Gamoneda querría leer un poema de su compinche. “No he sido tan previsor de traer un libro de Gelman”, se disculpa, mientras revuelve unos papeles con inéditos. “Los poemas no se me dan de repente; tengo que sufrir y hacerlos vivientes”, comenta antes de leer uno inacabado, dedicado a otro hermano poeta: Juan Carlos Mestre. “Es una prueba que me hago a mí mismo porque tengo que oír mi poema”, avisa. Hasta las mesas y sillas se emocionan. “¿Cómo hago para leer después de ese poema?”, se pregunta Gelman. Juan lee. El público está levitando por las nubes. Alguien le avisa al moderador, a Colinas, que ya es la hora. Nadie puede creer cómo se escurre el tiempo entre las voces de estos poetas. Nadie se mueve, como si quisiera prolongar el trance.

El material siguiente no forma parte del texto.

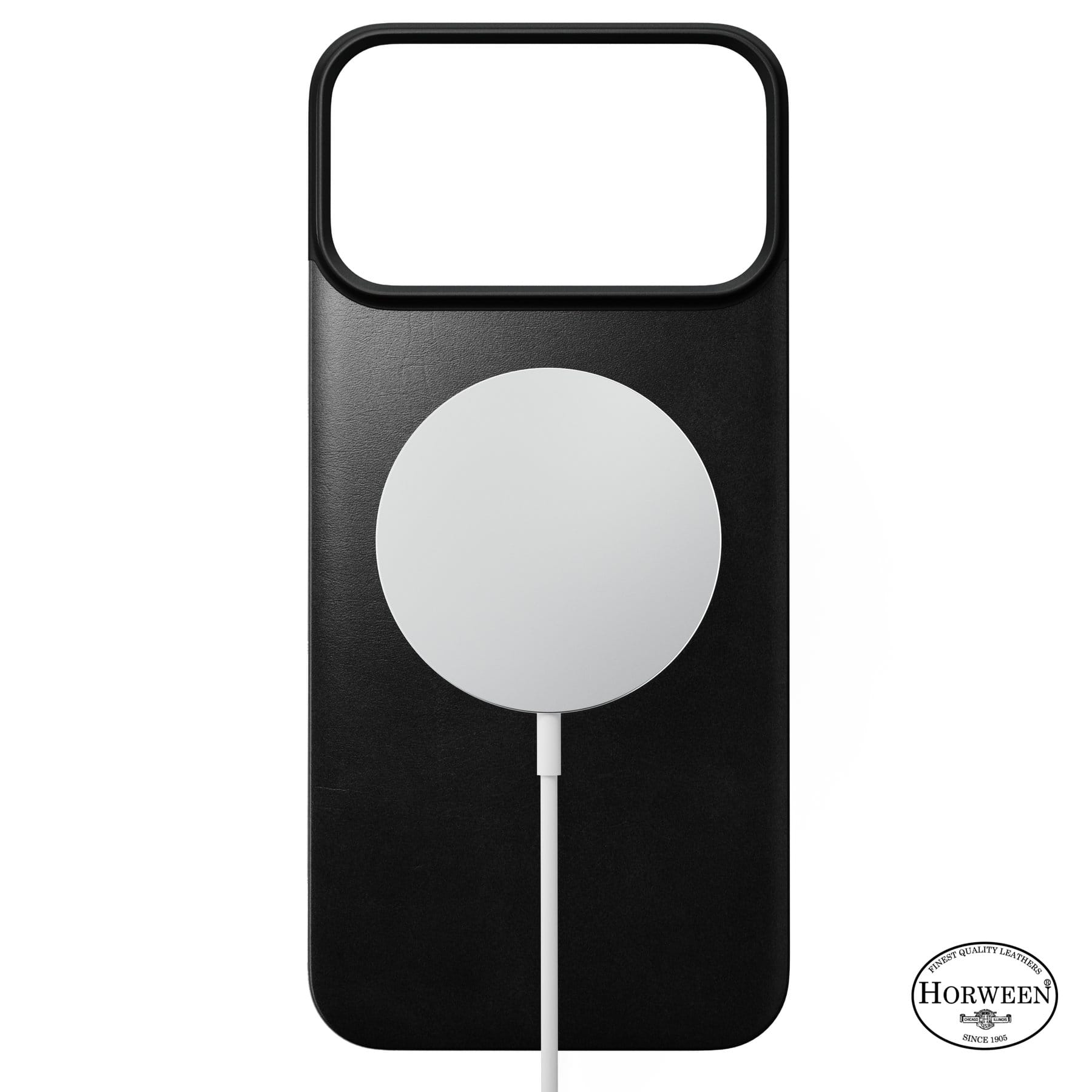 Nomad Magnetic Leather Back black (Horween) Magsafe - iPhone 18 Pro Max/17 Pro Max
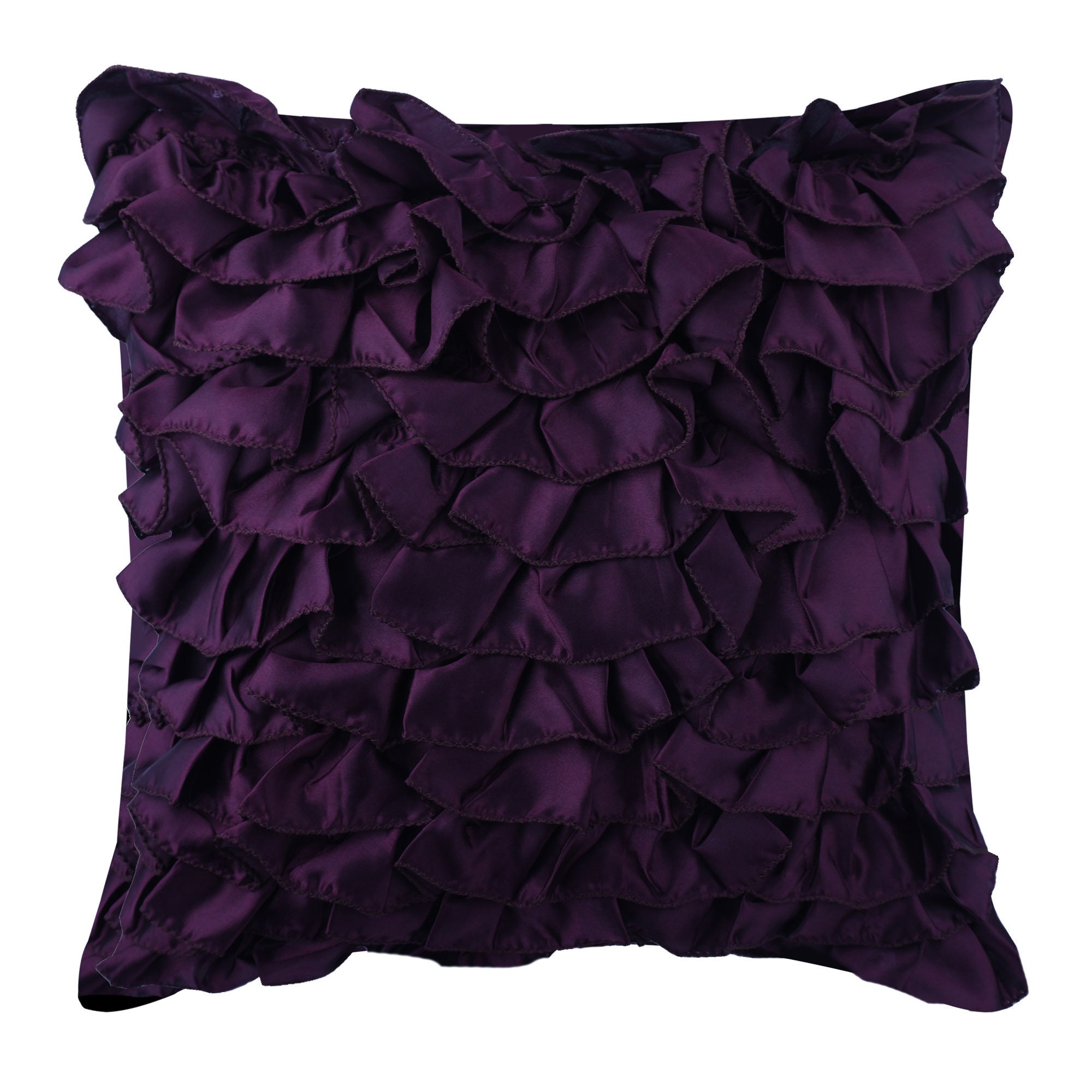 ruffled throw pillows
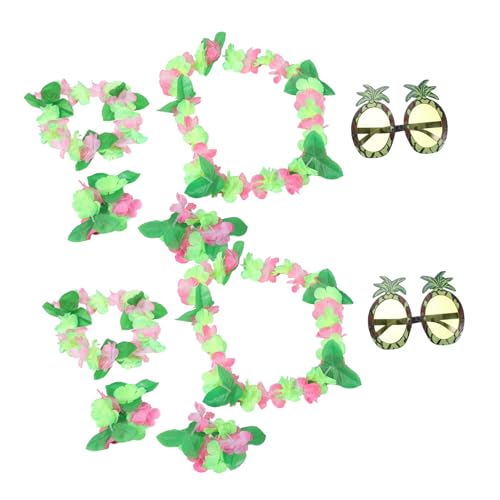 Holibanna 10St Urlaubsoutfit party dekoration hawaii sonnenbrille ananas sonnenbrille Ananas-Party Strandparty-Dekorationen Ananas-Sonnenbrille für Erwachsene hawaii kostüm frauen Tuch von Holibanna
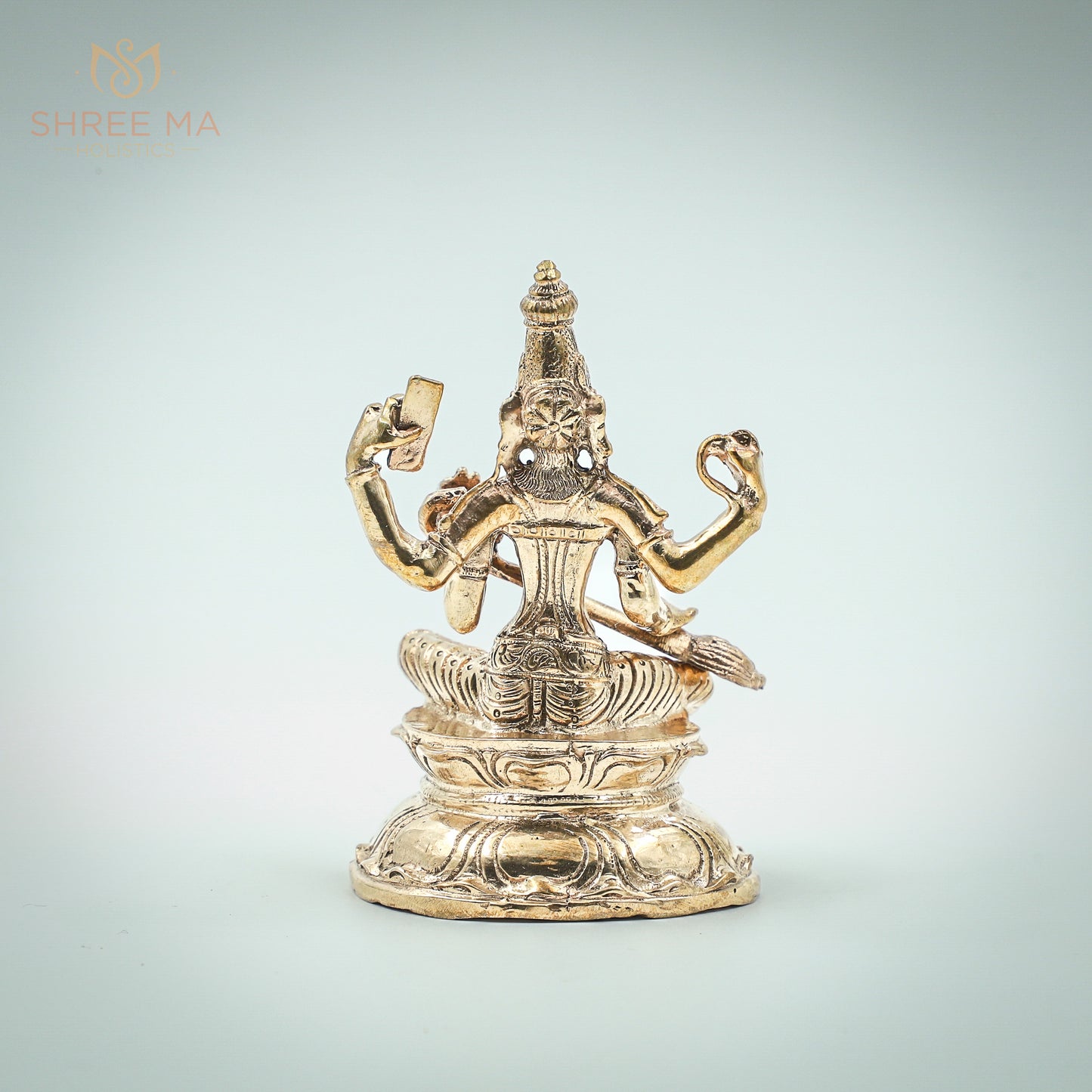Saraswati 3.5 inches Panchalogam bronze idol - Shree Ma Sculptures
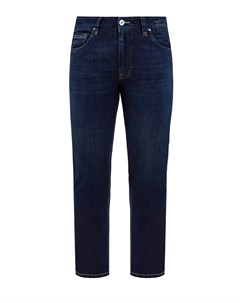 Окрашенные вручную джинсы 409 из денима Cortigiani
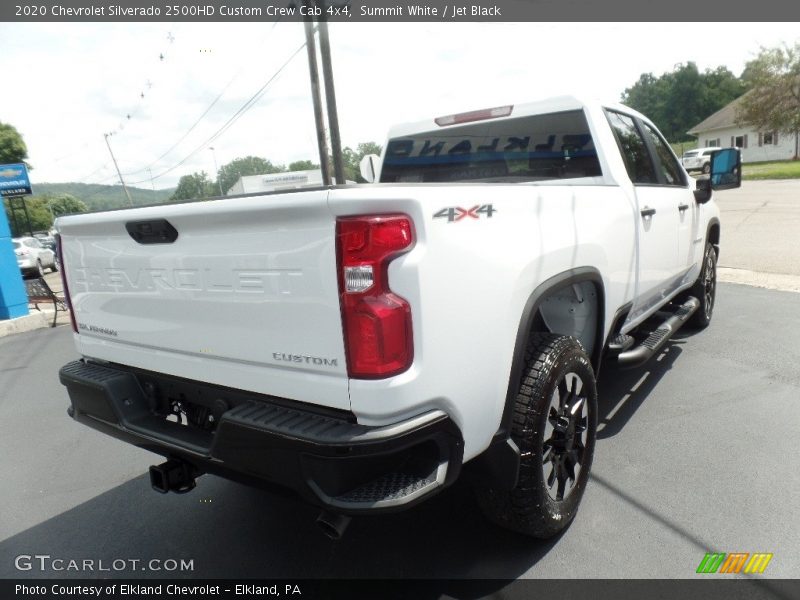 Summit White / Jet Black 2020 Chevrolet Silverado 2500HD Custom Crew Cab 4x4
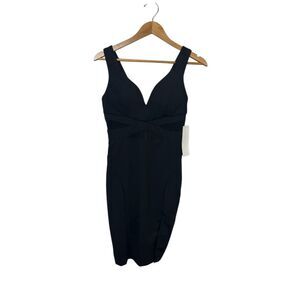 Honey and Rosie Women's Black Sleeveless Party Cut-Out Details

–Asistimos a una sensibilidad que está a punto de desaparecer –alerta, emocionadísima, una mujer.

–Discúlpeme, por qué la entierra prematuramente. Los que estamos por desaparecer somos Antonio y yo –interviene Gelman.

“Ustedes, que son poetas mayores, ¿qué poetas nuevos nos recomendarían?”, pregunta un joven estudiante. Gamoneda confiesa que querría saber contestarle. “Me avergüenza ser un conocedor insuficiente de la poesía de lengua castellana en la otra orilla de la patria lingüística. Desgraciadamente las circunstancias que la poesía tiene que soportar, las leyes del mercado, han generado que no conozca a los autores.” Gelman se suma a esa “ignorancia”. “La poesía en lengua castellana no tiene ningún Aconcagua, pero hay una cordillera. Y eso es bueno.”